* What this task involves *
Write out the data word for word and drop any picture you find.

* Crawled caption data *
————

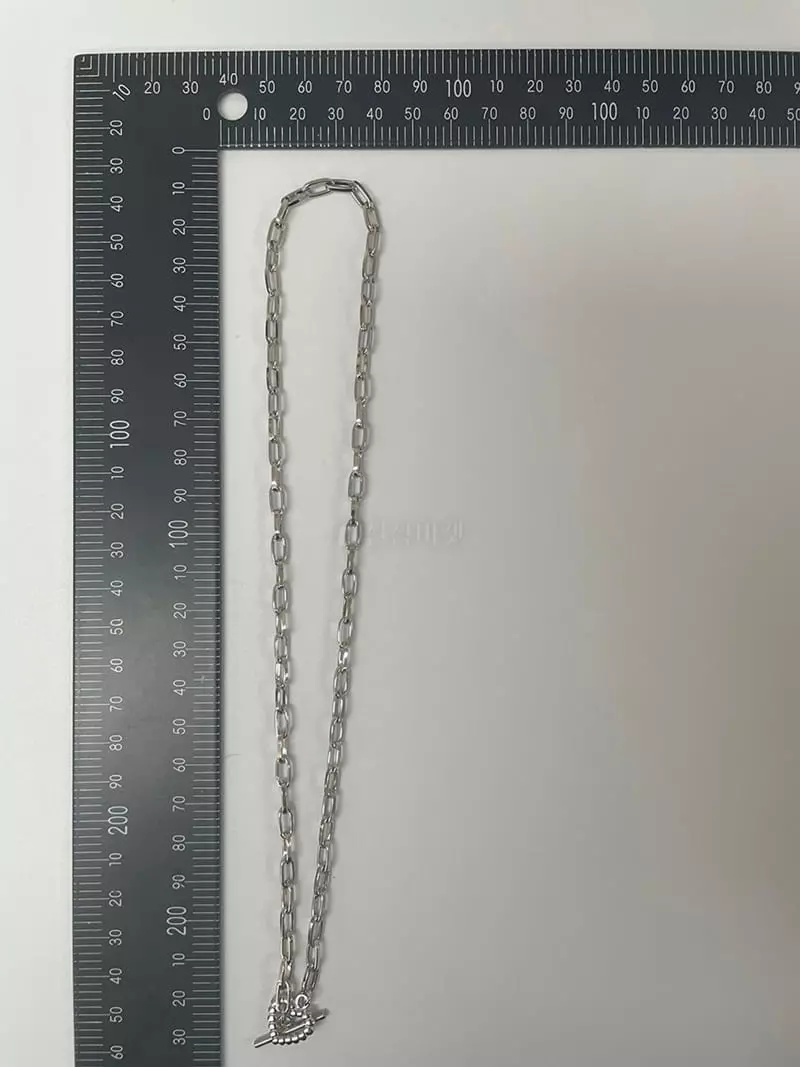 Mood - Korean Women Fashion - #momslook - A3510 Necklace - 5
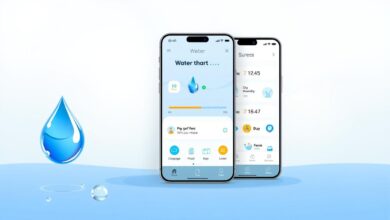 aplikasi pengingat minum air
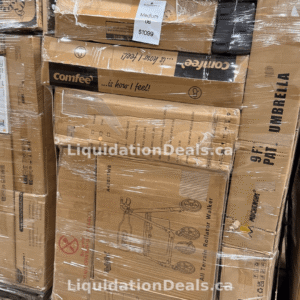 Medium General Merchandise #08 — Free Shipping Eligible for Parts of Ontario Only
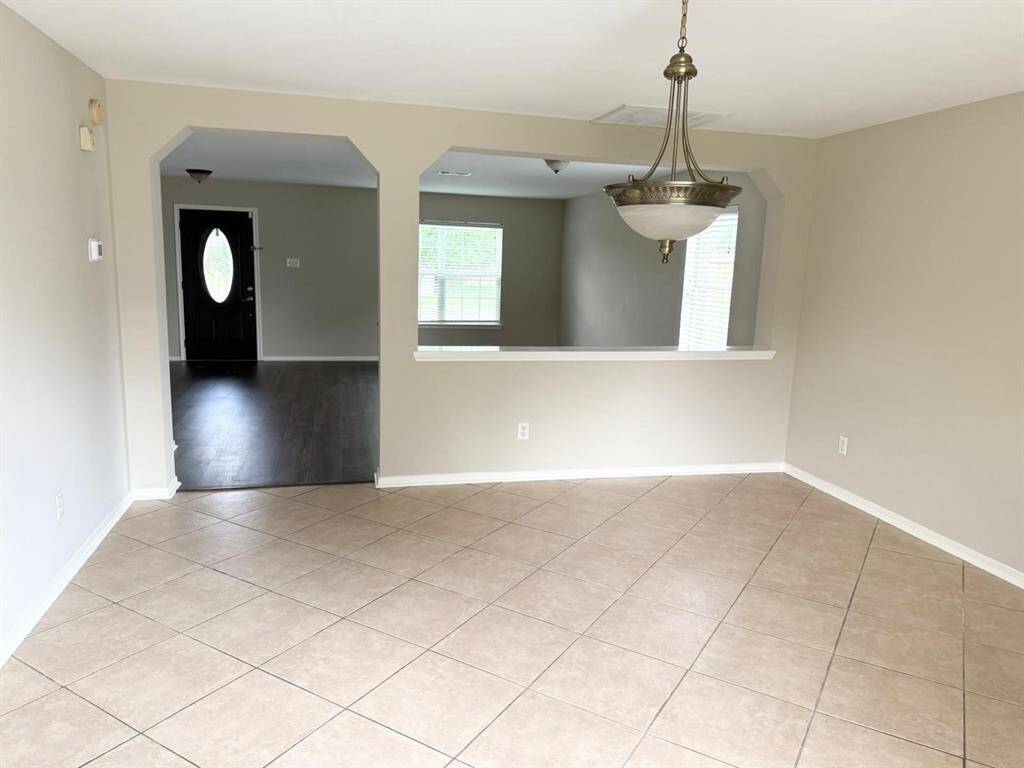 Dinning room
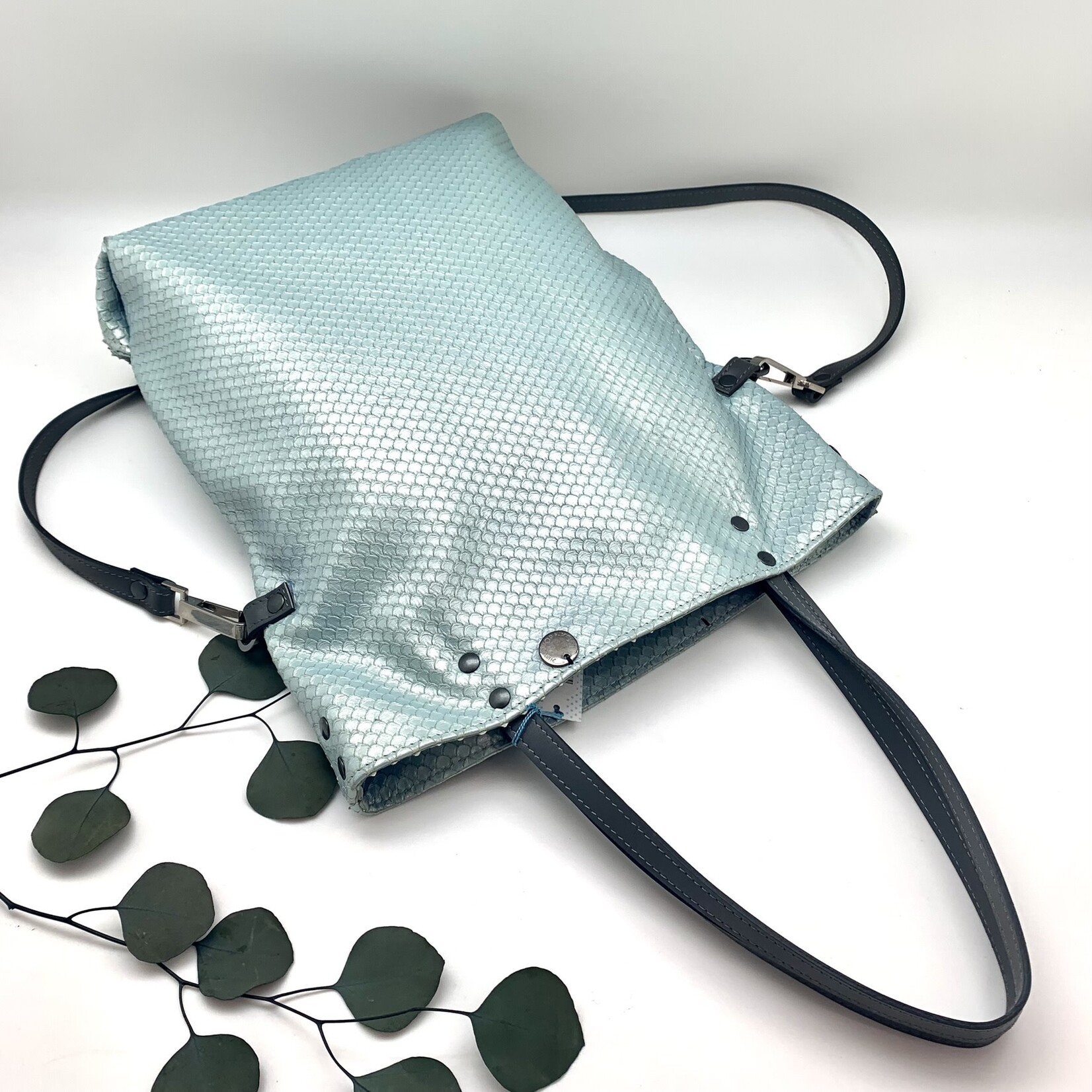 Shopper avec bandoulière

————

* Result *
 Mood - Korean Women Fashion - #momslook - A3510 Necklace - 5
 aplikasi pengingat minum air
 Medium General Merchandise #08 — Free Shipping Eligible for Parts of Ontario Only
 Dinning room
 Shopper avec bandoulière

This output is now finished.